Mark Ronson, Bruno Mars and "Uptown Funk" have had an iron grip on the Billboard Hot 100 for the last few months, but Kendrick Lamar made the biggest splash perhaps last week, by landing six tracks into the top 100 songs in the country, to go along with repping the no. 1 album on the Billboard 200 with To Pimp A Butterfly.
Although the album that supplied the tracks may have taken the no. 1 spot (and is projected to do so again during its second week), Lamar's songs haven't placed nearly so high. He has more songs in the Hot 100 than any other performer at the moment...but none of them landed within the Top 50.

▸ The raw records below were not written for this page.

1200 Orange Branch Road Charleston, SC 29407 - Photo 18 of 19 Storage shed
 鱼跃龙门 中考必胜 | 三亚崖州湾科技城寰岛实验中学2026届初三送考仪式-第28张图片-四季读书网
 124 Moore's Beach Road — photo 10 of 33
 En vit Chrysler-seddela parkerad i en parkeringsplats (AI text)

"King Kunta" was the emcee's highest charting number, coming in at no. 61, followed closely by "The Blacker The Berry" at no. 66 (interesting as "Berry" is an actual single, while "Kunta" is not, although it's rumored to become one soon). "Alright" places at no. 83 while the rest of his entries fill the last ten spots on the chart: "Wesley's Theory (no. 91), "These Walls" (no. 94) and "Institutionalized (no. 99).
So what's the story?
The Hot 100 takes a number of factors into consideration when ranking the nation's top songs from week-to-week, including individual downloads and streams. This explains the relative success of Butterfly's songs, as the album was streamed more during its first day than any other album previously (a trend that probably continued through the week). Listeners evidently came back and listened to the aforementioned tracks more than the rest.
So why couldn't they crack the Top 50? The biggest factor when counting the Hot 100 is still radio spins, something that Butterfly's singles haven't gotten much of (first single "i" has been out nearly half a year now, and it peaked at only no. 39). Ronson and company don't have to worry about its streak atop the charts.